John VI of Portugal - Private Life

Private Life

As a youth John was a retiring figure, heavily influenced by the clergy, living surrounded by priests and attending daily Mass in the church. Nonetheless, Oliveira Lima affirms that rather than being an expression of personal piety, this merely reflected Portuguese culture at that time, and that the king...

"...understood that the Church, with its body of traditions and its moral discipline, could only be useful for a good government in his manner, paternal and exclusive, of populations whose dominion was inherited with the scepter.

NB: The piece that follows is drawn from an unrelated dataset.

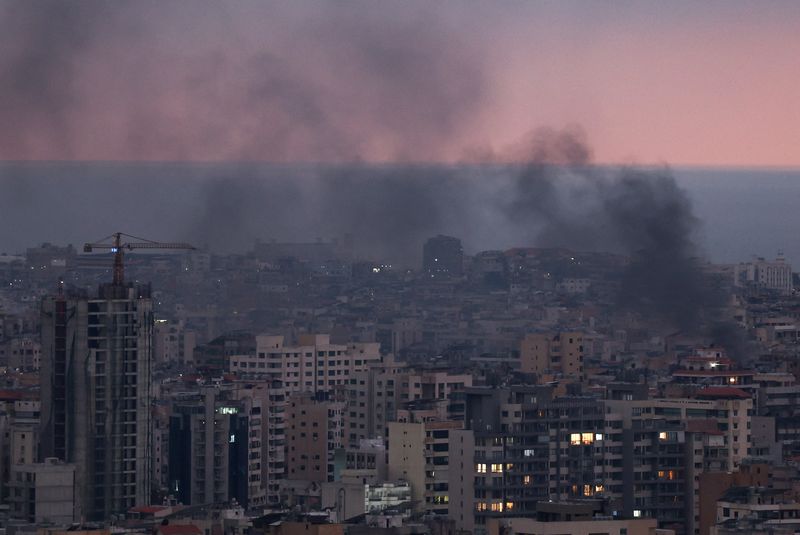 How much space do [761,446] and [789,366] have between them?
10.5m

Because of this, he was repeatedly the guest of monks and patron to composers of sacred music, but none of these Epicurean or artistic demonstrations compromised his free thought or denatured his skeptical tolerance. ... He made more use of the refectory of the monastery than of its chapel, because was about observance and in one thought of gastronomy, and in terms of observance the pragmatic one was enough for him. In the Royal Chapel he more took pleasure with the senses than he prayed with the spirit: andantes took the place of meditations."

He had a great appreciation of sacred music and was a great reader of works about art, but he detested physical activity. He appeared to have suffered periodic crises of depression. An aversion to changes in his routine extended to his clothing: he wore the same coat until it tore, forcing his chamberlains to sew it on his body while he slept in it. He suffered from panic attacks when he heard thunder, staying in his rooms with the windows shut and receiving no one.

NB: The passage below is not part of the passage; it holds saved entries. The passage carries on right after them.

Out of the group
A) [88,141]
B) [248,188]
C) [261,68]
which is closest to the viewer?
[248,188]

John's marriage was never a happy one. Rumors circulated that at the age of 25 he fell in love with Eugênia José de Menezes, his wife's chaperone. She became pregnant, and John was suspected of being the father. The case was hushed up and the young woman was sent to Spain to bear the child. She gave birth to a daughter, whose name is unknown. The mother lived the rest of her life in nunneries and John supported her economically. Historians Tobias Monteiro and Patrick Wilcken write that there are indications that John also had a homosexual relationship as a sexual outlet, given his disastrous marriage, in which he lived apart from his wife, with whom he was together only on ceremonial occasions. His partner in this relationship would have been his favorite manservant, Francisco de Sousa Lobato, who, according to these historians, may have regularly masturbated his master. While it may have been out of sheer malice, a priest named Miguel stated that he once stumbled upon the scene and therefore was deported to Angola, but not before leaving written testimony. Regardless of the truth or falsity of the claim, Rufino de Sousa received a variety of honors, accumulating among others the charges of adviser to the king, secretary of the Casa do Infantado, secretary of the Bureau of Conscience and Orders (Mesa de Consciência e Ordens) and governor of the Santa Cruz fortress, receiving also the title of Baron and later Viscount of Vila Nova da Rainha.

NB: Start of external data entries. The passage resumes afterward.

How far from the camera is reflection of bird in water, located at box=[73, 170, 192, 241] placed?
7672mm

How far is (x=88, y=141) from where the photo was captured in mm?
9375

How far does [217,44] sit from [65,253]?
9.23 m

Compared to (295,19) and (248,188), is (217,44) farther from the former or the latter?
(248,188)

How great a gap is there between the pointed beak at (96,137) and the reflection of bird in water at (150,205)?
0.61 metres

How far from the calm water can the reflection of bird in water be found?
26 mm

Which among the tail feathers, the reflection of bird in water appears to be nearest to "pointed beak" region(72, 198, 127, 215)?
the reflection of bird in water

In the precarious and spare environment of Rio the king's personal habits were simple. In contrast to his relative isolation in Portugal, he became more personally dynamic and interested in nature. He moved frequently between the Paço de São Cristóvão and the viceregal palace in the city, staying also at times at Paquetá Island, Governador Island, at Praia Grande (the beach at Niterói), and at the Royal (later Imperial) House of Santa Cruz. He went hunting and happily slept in a tent or under a tree. He liked the countryside, despite the swarms of mosquitoes and other pests and the scorching heat of the tropics that were detested by the majority of the Portuguese and other foreigners.